* The task
What you return should be the full listing, word for word, without a single image.

* Given material
┌────────

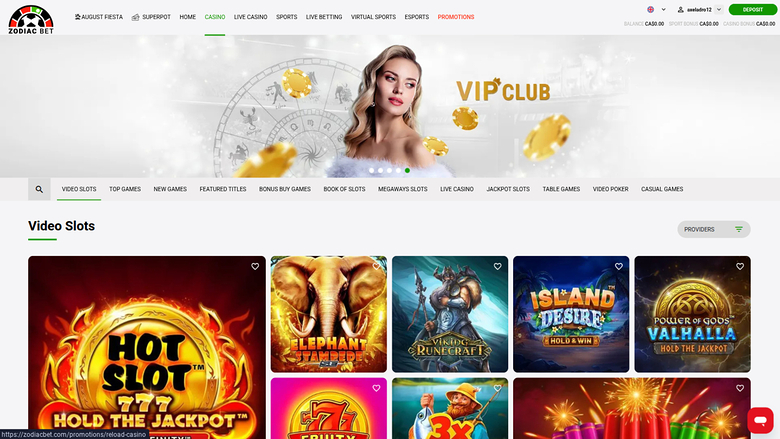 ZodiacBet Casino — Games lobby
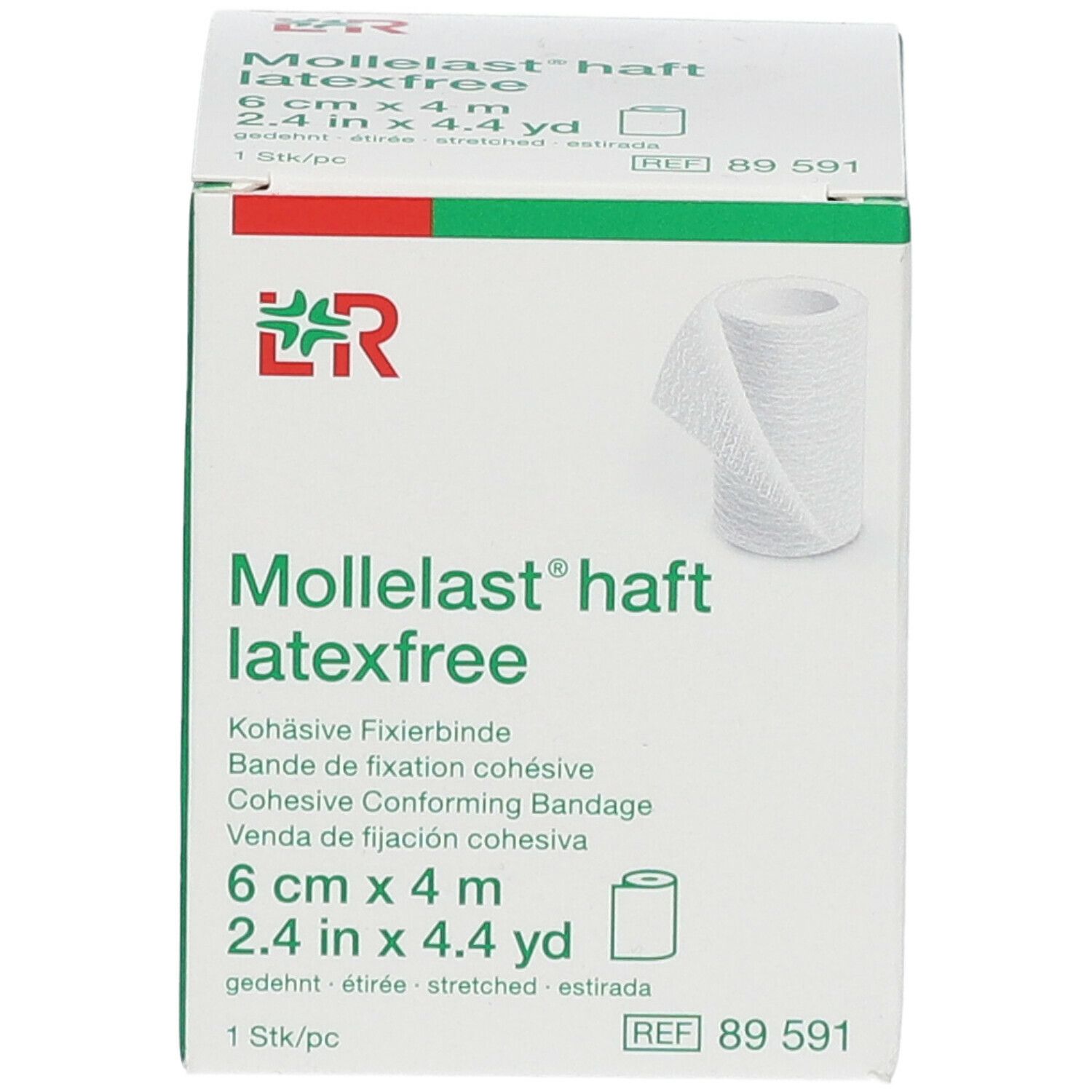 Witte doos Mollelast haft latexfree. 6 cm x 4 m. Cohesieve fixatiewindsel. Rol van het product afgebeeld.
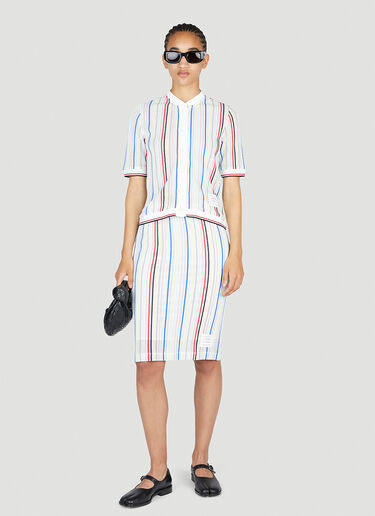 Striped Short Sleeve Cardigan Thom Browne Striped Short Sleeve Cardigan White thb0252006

└────────

* Answer for the task
 ZodiacBet Casino — Games lobby
 Witte doos Mollelast haft latexfree. 6 cm x 4 m. Cohesieve fixatiewindsel. Rol van het product afgebeeld.
 Striped Short Sleeve Cardigan Thom Browne Striped Short Sleeve Cardigan White thb0252006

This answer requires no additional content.